Differential expression of twelve genes (PF14_0641, PF13_0040, PF14_0133, PFL1550w, PFI0735c, PF10_0334, MAL8P1.70, PF13_0058, MAL7P1.176, PF14_0373, MAL13P1.255 and PFF0160c) from the microarray analysis was validated by quantitative RT-PCR. Seryl-tRNA synthetase (PF07_0073) was used as an internal house-keeping control gene (Niang et al. 2009). Briefly, contaminating DNA was removed from extracted RNA using DNAfree (Ambion) as per manufacturer's instructions and cDNA was generated using Superscript II (Invitrogen) using 300 ng RNA randomly reverse primed with 100 ng random AT hexamer per 40 μl reaction, as per manufacturer's instructions (with the exception that reverse transcription was carried out at 37 °C). cDNA was diluted 1 in 5 for qRT-PCR analysis. qRT-PCR primers were designed using Primer3 (http://frodo.wi.mit.edu/primer3; see Supplementary Table 1 for primer sequences). Amplification efficiencies were confirmed prior to gene expression analysis. 5 μl of template cDNA was used per 25 μl qRT-PCR reaction, with 300 nM (final concentration) each forward and reverse primers in Sybr Green PCR premix (Applied Biosystems). qRT-PCR reactions were run in an ABIPrism 7300 real-time thermal cycler as appropriate for the Sybr Green PCR premix. Thermal cycling was followed by melt curve analysis. Baseline and threshold cycles were analysed using default settings. Relative fold changes in gene expression were calculated by the 2-ΔΔCT relative quantification method (Livak and Schmittgen 2001). Reactions were conducted in technical quadruplicate and the raw CT values of the replicates were subjected to the Grubb's test for outliers. The values were averaged and used in the subsequent fold-change calculation. The fold change values for three to four independent triplicate experiments were pooled for each gene and subjected to a non-parametric Mann-Whitney U test in StatView (version 4.51, Abacus Concepts). Correlation of qRT-PCR data with microarray-derived data was tested using the Spearman's Rank Correlation in StatView (Abacus Concepts, version 4.5).

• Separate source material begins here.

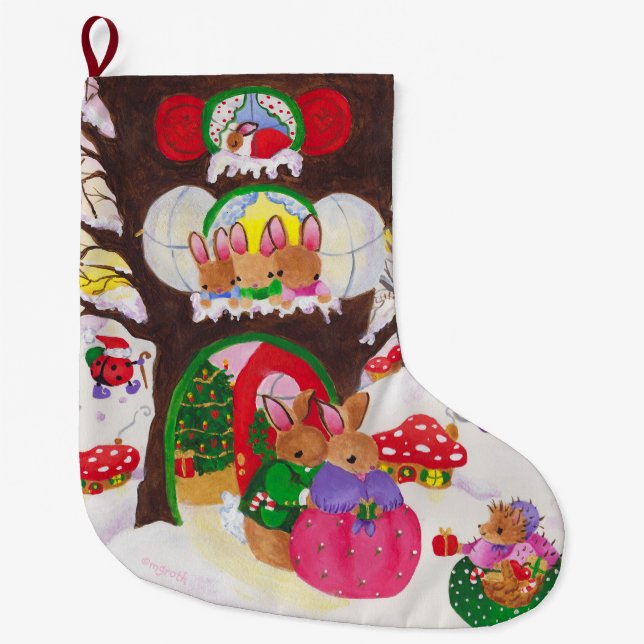 Woodland Weihnachtsfest Strumpf Großer Weihnachtsstrumpf (Vorderseite)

Gene ontology enrichment analysis: Enrichment for biological terms in the lists of differentially expressed genes was analysed using the functional annotation clustering program of the Database for Annotation, Visualization and Integrated Discovery (Huang da et al. 2009a, b). The analysis was performed by inputting PlasmoDB gene identifiers for genes identified as being up- or downregulated by the microarray analysis, followed by comparison to all P. falciparum genes in order to assess enrichment. Analysis was performed under default conditions such that gene annotations for Clusters of Orthologous Groups ontology, Uniprot sequence features, biological process, cellular component and molecular function Gene Ontology terms, Kyoto Encyclopedia of Genes and Genomes pathways, Interpro domains, Protein Information Resource superfamily annotations and SMART domains were considered. Cluster names were derived from the biological terms found within each cluster. P-values outputted by DAVID were the geometric mean of the individual p-values (calculated by a Fisher's exact test) within each clustered group. Enrichment scores presented are the negative log of the p-values for each cluster.